Auto generate an Index

Do I really need to go over everything and add \index{}?

Unfortunately yes. At best even if you write a script to automate it you will end up with a concordance, and a concordance is not an index.

In my opinion it is actually better to postpone the writing of the index to the time the book is almost ready. Writing an index is an art and most publishers employ "human indexers" to write an index that is useful and serves its function.

Since luckily, you missed it the first time round this is a good time to give it a bit of a thought and planning, before you delve into it.

The most important points to consider when developing an index, is categorization and consistency. Think of the likely readers of your book (or even the older you that will forget what the younger you wrote) and provide headings that are likely to be used when searching for information. Consider for example a historical book, describing early ships and their trade routes. It can be meaningless for example to just index the ship name by one word. Consider the following MWE:

\documentclass{article}
\usepackage{makeidx}
\makeindex
\DeclareRobustCommand{\ship}[1]{\textit{#1}\index{Steam ships!#1}}
\DeclareRobustCommand{\AUports}[1]{\textit{#1}\index{Austalia ports!#1}}
\begin{document}
  One of the early steam ships to sail to \AUports{Melbourne} 
  was the \ship{Africa}. Its maiden trip was on the 1.1.1870 and 
  its last trip ten years later on the 13.12.1880. 
\printindex
\end{document}

I have used a heading to categorize the ship as a steam ship (you can add macros as necessary) and provided a second one to classify Melbourne as a port. By creating a number of commonly used categories around your topic you can also ensure that you have a good classification system as well as providing consistency. As you might have probably noticed the ship's name is typeset in italics, to comply with the Oxford Style Guide and by creating a macro both the indexing as well as the typesetting are done correctly and efficiently.

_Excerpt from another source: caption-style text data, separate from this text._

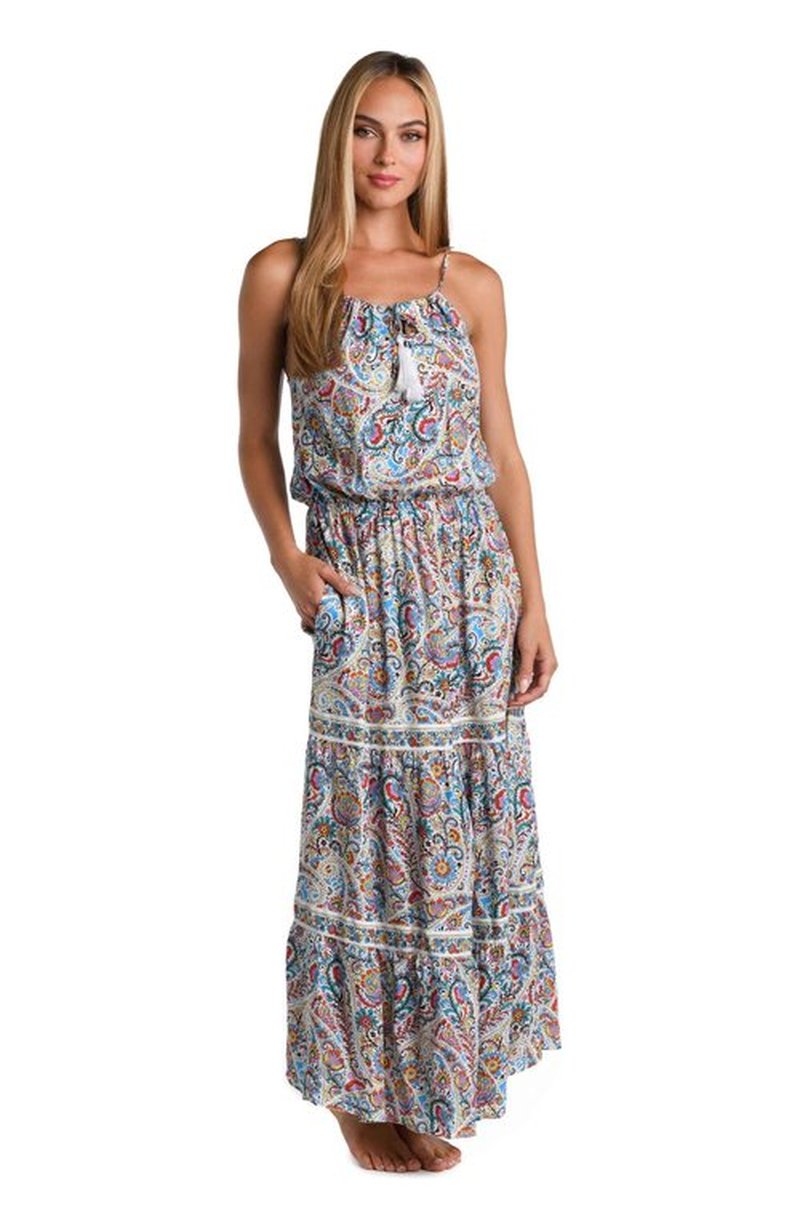 Sunshine 79 Women's Standard Midi Dress Swimsuit Cover Up, Multi//Glam Paisley, Small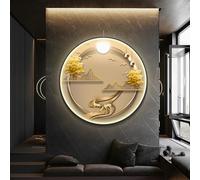 Sculptures Murales 3D, Décoration Murale En Métal Avec Lumière, Cadre En Alliage D'aluminium, Lampe Murale Ronde Pour Salon, Entrée, Bureau(B,50cm)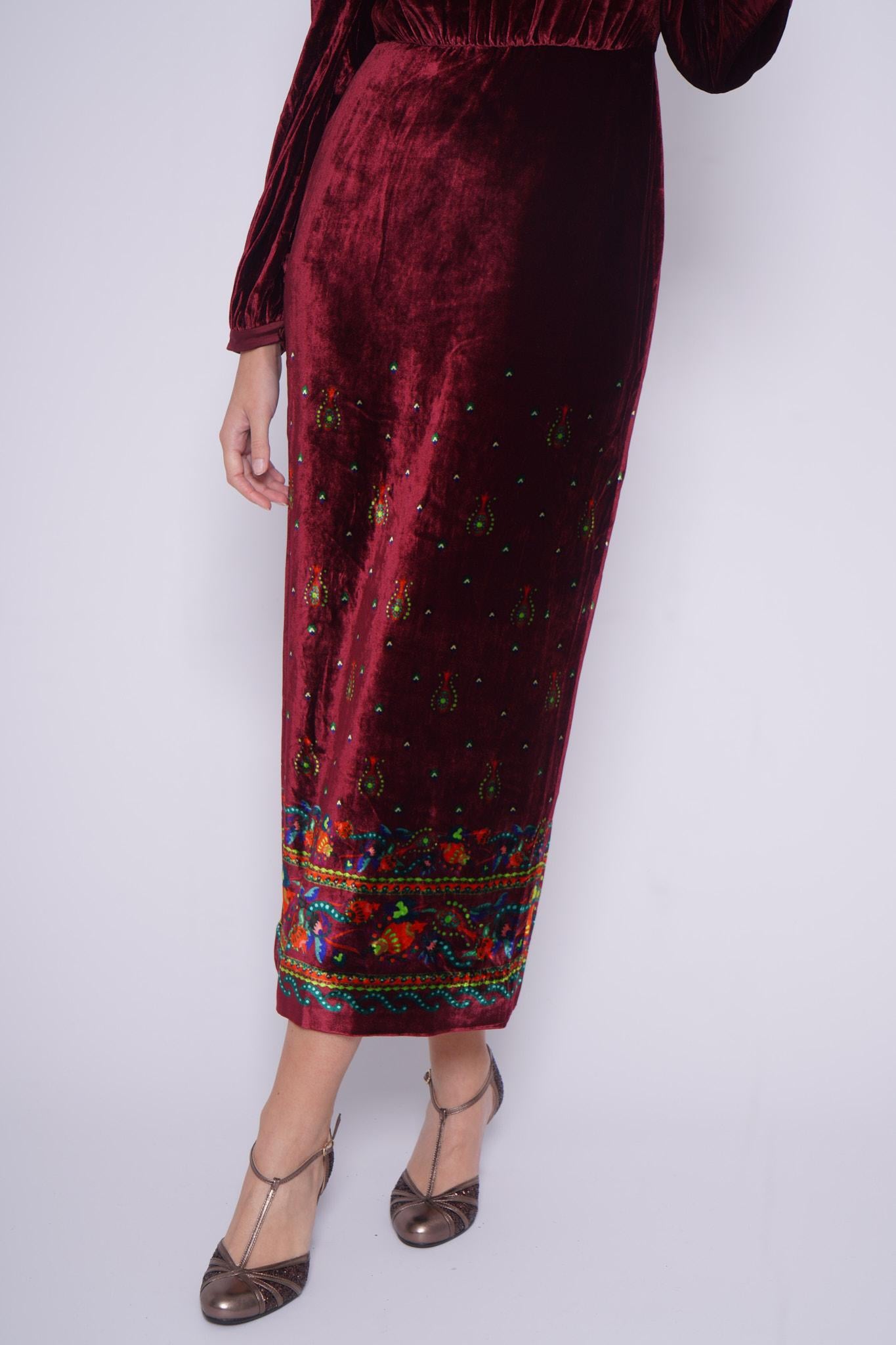 Abito in velluto DOMINO 10298VVELLUTO BORDEAUX saloni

I know this is an old thread, but I want to mention that I have just released a piece of software to address this problem. It isn't perfect, but as a "semi-automatic" solution it is a lot faster than going through with a text editor and adding the \index{} tag one at a time. It contains one program that reads your LaTex file and uses various heuristics to suggest terms that should be in an index, and another problem to rapidly browse through your LaTex file and insert the terms. It is GPL and you can download for free at https://sourceforge.net/projects/indexmeister/

The same page also has a link to a short YouTube video tutorial I made showing how the software is used. Hopefully, it will be useful to someone. I'm already using it in-house in my small publishing company.